À la Société générale, le fait d’être la première banque à signer un accord global a compté. Elle a accéléré les négociations pour signer avant la BNP, qui a d’abord consolidé ses accords européens. Le Crédit agricole est aujourd’hui sur les rangs. « La Société générale veut se constituer une identité autour des droits sociaux fondamentaux », indique André-Guy Turoche, responsable réglementation et négociations sociales. La banque compte s’appuyer sur cette image pour se développer dans des zones en forte croissance, comme l’Afrique et l’Asie. L’accord implique aussi les sous-traitants. En la matière, il reprend simplement les normes antérieures de la banque sur les achats responsables : « Ce qui veut dire qu’UNI Finance considère qu’elles peuvent devenir une référence sans qu’il y ait quoi que ce soit à ajouter », souligne André-Guy Turoche.

Pression de l’opinion publique

La plupart des accords dits “globaux” s’étendent ainsi aux sous-traitants. Un effet, notamment, de la catastrophe du Rana Plaza en 2013 au Bangladesh, où 1 200 ouvriers du textile ont péri dans l’effondrement de cet immeuble ; et de la préoccupation, en conséquence, qu’ont les grands groupes de connaître la chaîne de fabrication de leurs produits.
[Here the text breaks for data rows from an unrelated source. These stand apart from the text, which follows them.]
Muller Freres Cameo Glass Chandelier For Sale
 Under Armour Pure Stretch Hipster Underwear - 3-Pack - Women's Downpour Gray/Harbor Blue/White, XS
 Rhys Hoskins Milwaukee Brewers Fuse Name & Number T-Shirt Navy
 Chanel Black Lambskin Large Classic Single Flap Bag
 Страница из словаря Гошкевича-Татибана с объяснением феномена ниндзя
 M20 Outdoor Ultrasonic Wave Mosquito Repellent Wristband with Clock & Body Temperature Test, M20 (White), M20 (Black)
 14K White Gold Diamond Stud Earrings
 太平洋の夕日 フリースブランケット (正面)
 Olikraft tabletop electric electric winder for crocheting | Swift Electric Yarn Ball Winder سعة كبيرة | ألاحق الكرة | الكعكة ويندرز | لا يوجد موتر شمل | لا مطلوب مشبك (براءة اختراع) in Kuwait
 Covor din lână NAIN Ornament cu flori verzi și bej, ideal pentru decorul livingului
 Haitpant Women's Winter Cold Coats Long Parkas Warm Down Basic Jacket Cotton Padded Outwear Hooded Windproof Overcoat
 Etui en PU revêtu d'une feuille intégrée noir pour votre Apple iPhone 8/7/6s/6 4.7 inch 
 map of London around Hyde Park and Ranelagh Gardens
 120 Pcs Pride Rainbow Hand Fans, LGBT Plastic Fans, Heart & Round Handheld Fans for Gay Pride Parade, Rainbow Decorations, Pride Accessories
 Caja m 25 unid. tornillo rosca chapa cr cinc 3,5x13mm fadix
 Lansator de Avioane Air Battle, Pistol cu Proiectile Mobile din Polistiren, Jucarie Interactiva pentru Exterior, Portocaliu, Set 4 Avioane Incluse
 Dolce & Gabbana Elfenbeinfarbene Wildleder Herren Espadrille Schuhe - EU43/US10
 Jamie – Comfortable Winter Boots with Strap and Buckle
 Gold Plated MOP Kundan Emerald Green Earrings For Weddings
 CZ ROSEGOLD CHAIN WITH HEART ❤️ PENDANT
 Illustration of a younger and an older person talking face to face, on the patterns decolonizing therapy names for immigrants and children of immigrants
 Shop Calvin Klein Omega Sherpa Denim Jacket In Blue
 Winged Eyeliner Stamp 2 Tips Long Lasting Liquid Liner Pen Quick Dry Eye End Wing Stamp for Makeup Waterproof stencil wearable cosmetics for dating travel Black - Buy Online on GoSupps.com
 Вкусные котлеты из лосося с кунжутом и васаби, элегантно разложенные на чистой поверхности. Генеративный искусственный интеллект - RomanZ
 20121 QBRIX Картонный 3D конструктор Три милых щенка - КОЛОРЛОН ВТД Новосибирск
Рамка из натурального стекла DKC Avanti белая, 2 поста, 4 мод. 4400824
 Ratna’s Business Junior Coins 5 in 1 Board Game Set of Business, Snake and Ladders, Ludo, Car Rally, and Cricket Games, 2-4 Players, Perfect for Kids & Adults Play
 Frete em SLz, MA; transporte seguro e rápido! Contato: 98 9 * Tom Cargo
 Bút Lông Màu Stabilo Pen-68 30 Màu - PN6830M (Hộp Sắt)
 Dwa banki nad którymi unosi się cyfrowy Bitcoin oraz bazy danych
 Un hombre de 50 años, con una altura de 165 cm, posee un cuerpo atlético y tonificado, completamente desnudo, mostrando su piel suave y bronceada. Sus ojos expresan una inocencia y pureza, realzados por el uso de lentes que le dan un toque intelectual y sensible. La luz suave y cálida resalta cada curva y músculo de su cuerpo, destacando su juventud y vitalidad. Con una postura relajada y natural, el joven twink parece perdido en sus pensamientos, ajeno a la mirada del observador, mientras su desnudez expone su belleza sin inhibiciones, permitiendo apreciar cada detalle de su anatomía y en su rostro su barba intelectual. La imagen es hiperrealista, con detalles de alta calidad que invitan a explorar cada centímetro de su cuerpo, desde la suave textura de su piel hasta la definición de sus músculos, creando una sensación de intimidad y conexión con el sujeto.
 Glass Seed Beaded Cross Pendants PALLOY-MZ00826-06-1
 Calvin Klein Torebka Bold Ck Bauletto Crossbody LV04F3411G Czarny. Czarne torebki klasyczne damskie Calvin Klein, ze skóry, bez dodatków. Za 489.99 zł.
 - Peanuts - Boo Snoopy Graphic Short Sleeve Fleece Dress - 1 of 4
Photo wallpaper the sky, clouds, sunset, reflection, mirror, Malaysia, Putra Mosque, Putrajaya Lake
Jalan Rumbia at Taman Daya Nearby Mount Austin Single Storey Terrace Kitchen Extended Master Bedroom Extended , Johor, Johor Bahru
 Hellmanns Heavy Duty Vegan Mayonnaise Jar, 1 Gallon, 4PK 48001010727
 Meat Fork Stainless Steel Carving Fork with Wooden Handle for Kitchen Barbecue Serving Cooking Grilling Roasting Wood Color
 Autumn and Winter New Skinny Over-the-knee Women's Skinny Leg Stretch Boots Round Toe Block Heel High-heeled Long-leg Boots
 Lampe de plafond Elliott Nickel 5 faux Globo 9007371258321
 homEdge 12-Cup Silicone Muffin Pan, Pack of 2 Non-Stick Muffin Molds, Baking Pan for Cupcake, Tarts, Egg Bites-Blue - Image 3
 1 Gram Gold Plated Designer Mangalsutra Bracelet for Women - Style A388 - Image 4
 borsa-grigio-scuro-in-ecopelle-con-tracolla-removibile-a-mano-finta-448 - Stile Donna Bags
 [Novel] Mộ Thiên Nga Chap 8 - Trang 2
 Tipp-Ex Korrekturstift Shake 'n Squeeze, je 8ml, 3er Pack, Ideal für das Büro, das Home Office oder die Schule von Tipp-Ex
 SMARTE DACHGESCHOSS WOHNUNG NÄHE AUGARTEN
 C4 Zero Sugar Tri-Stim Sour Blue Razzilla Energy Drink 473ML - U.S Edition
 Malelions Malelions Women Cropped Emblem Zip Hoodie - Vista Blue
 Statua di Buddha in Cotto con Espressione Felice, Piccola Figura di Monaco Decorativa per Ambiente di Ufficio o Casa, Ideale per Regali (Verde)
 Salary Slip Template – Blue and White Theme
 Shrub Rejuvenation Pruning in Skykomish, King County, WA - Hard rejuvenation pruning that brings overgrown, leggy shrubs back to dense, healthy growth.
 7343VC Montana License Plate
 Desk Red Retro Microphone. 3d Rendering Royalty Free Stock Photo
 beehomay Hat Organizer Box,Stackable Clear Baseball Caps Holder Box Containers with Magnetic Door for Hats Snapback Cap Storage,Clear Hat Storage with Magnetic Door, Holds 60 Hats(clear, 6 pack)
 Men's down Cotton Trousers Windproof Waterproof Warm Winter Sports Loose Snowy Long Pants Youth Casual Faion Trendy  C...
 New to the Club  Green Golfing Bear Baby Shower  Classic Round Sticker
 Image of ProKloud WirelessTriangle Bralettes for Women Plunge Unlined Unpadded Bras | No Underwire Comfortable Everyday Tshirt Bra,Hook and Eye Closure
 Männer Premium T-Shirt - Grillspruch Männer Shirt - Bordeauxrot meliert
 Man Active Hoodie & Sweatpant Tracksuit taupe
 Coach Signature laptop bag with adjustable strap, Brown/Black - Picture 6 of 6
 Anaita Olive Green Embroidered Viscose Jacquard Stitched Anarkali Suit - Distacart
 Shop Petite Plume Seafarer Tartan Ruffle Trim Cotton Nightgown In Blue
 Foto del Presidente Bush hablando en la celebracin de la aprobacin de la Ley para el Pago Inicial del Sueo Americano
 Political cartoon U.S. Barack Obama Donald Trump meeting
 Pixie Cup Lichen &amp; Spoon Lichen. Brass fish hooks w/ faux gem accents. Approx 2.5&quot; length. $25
Au-delà de la médiatisation de ces catastrophes, les syndicats jouent de plus en plus la carte de l’opinion publique. « Nous croyons beaucoup à sa mobilisation et à la sanction morale en cas d’écart avec les règles, explique Pierre Coutaz. Parce que l’on est plus sensibles qu’autrefois aux conditions dans lesquelles est produit ce que l’on porte, vêtements ou chaussures, car on est devenus sensibles aussi à l’éthique. »

C’est à la suite d’une campagne d’opinion qu’en avril dernier, Orange a rompu le contrat avec son partenaire commercial en Israël, parce qu’il travaillait dans les colonies juives en Cisjordanie, à l’encontre des résolutions de l’ONU les condamnant. Son image auprès de ses marchés arabes était en jeu.

Ces dernières années, le mouvement syndical a aussi gagné du poids en s’organisant mieux à l’échelle de l’Europe ou du monde. « Élever le socle social dans tous les pays d’Europe, cela passe d’abord par des accords entre au moins deux syndicats nationaux, afin de, d’abord, imposer la création d’un comité de groupe européen en s’appuyant sur les directives européennes, ensuite, il faut faire adopter des mesures transposables au-delà des deux pays d’origine », explique Christophe Lefèvre, responsable des accords internationaux à la CFE-CGC. C’est ainsi que les syndicats ont procédé à la Scor au sujet du télétravail.

Alliances syndicales mondiales

Ces alliances se sont aussi constituées au niveau mondial. « Nous les montons entre syndicats de différents pays, puis nous allons solliciter la conclusion d’un accord auprès de l’entreprise. C’est ainsi que la Société générale a signé », signale Élise Buckle, chez UNI Finance. « UNIGlobal Union peut contribuer à structurer les syndicats locaux », note André-Guy Turoche.

À travers la plus récente génération des accords internationaux, beaucoup de grandes entreprises se convertissent au contreseing syndical, au lieu de s’en tenir à des chartes unilatérales, comme c’est souvent le cas jusqu’ici.